# Settling Retirement Portfolio Help appreciated!



## kalie (Jun 19, 2021)

Hi. I’m 65 next year and officially a senior so retirement planning is foremost in my mind now and want to ensure I’m making the most of my money going forward.

I have approx. $900,000 saved.
I started the self-directed route last year with TD brokerage and have $297,000 all in VBAL that’s split between cash account, RSP, and TFSA.
I also hold around $138,000 in RBC conservative mutual fund and $16,000 in RSP GICs. 
*Total invested $452,000*

It’s my cash holding that I’m most concerned about as that makes up the remainder. 
$100,000 is in a HISA with LBC and the rest spread out between RBC, TD, HSBC, and Tangerine at measly rates (jumped onto the promotional bandwagon with Tangerine which is now over). I am in Quebec so can't do some of the higher HISAs like EQ.
*Total cash $445,000*

I was planning to collect QPP and OAS at 70, drawing from my cash positions until then. 
I know the cash portion is not keeping up with inflation and I am fairly conservative, but I can’t decide if I have too much cash and what to do with it. I’ve been considering the following. 

a) Invest more into VBAL or other asset allocation ETF (VGRO, VRIF)
b) Ladder GICS (not sure for how long or how much?)
c) Buy silver or gold
d) Move some cash to Wealthsimple with their cash account paying 0.75% (more than the banks) and buy ETFs there. 
e) Open more accounts for HISAs (don’t really like having so many accounts open though)
f) Other suggestions welcome 

Cheers.


----------



## Ponderling (Mar 1, 2013)

some background? what were you invested with prior to two years ago? 

that might help us understand your current excess cash position. 
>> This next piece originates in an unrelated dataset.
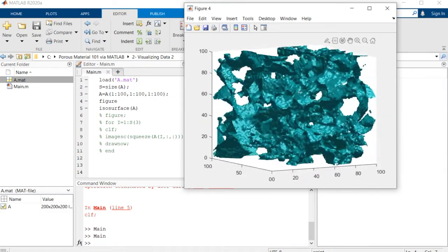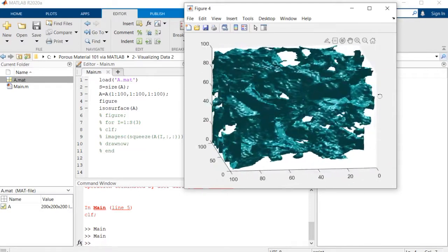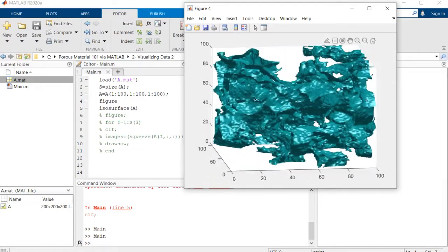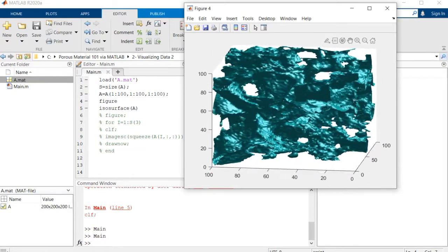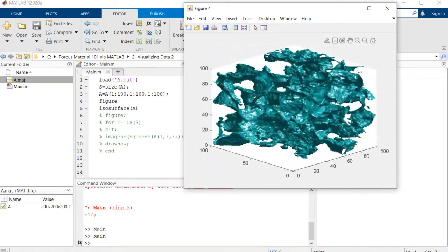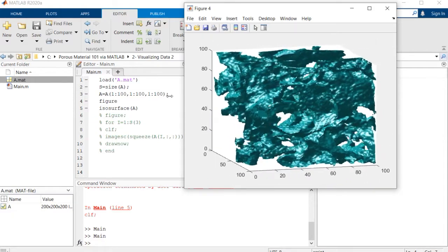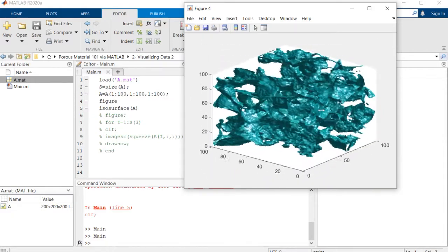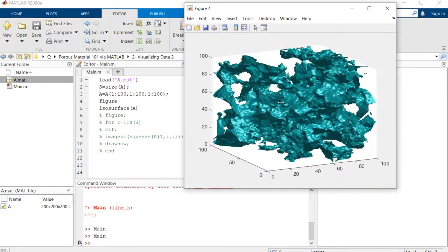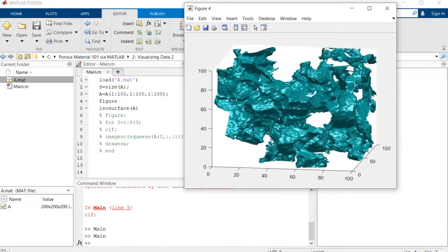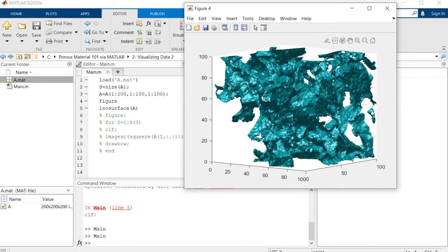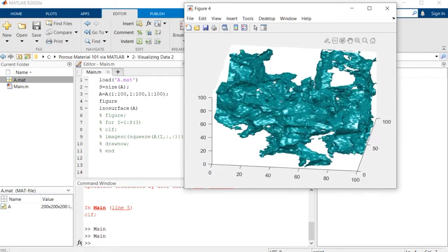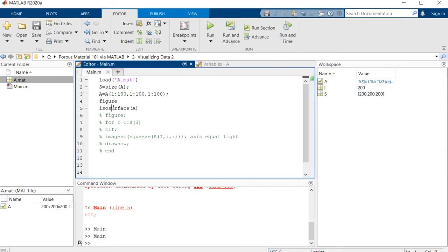This is the porous space that we have there. The problem is that this porous space looks a bit strange because it's only a surface. It only shows the surface of the structure because it's isosurface.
cash does feel safe, but its buying power gets eaten by inflation. and compounded inflation over few decades will likely cause more heart ache than an annuity bought too early.


----------



## Retiredguy (Jul 24, 2013)

Given your stated conservative profile and large amount of cash earning next nothing I strongly agree for you to take cpp/oas at 70. I expect you understand the pmt will increase yearly at 8.2% and 7.2% respectfully to age 70. They will also be indexed until age 70 and thereafter. So not unthinkable that cpp at 70 could be + 50% and oas + 45%. I would do some tax calcs and set aside enough cash to give you net after tax cpp/oas plus 2% indexing for the 5 years and keep it in a hisa making auto draw downs monthly. Also in case you didnt know the 10% announced for oas age 75 will be based on your age 70 amount not the age 65 amount....another reason to delay. I know what I would do with all of the rest but others here are better equiped to advise so i'll stop here. Hopefully you have a no mortgage home. Going into retirement with 900 k Ur in good shape to enjoy many happy years. Good luck.


----------



## kalie (Jun 19, 2021)

Ponderling said:


> some background? what were you invested with prior to two years ago?
> 
> that might help us understand your current excess cash position.
> 
> cash does feel safe, but its buying power gets eaten by inflation. and compounded inflation over few decades will likely cause more heart ache than an annuity bought too early.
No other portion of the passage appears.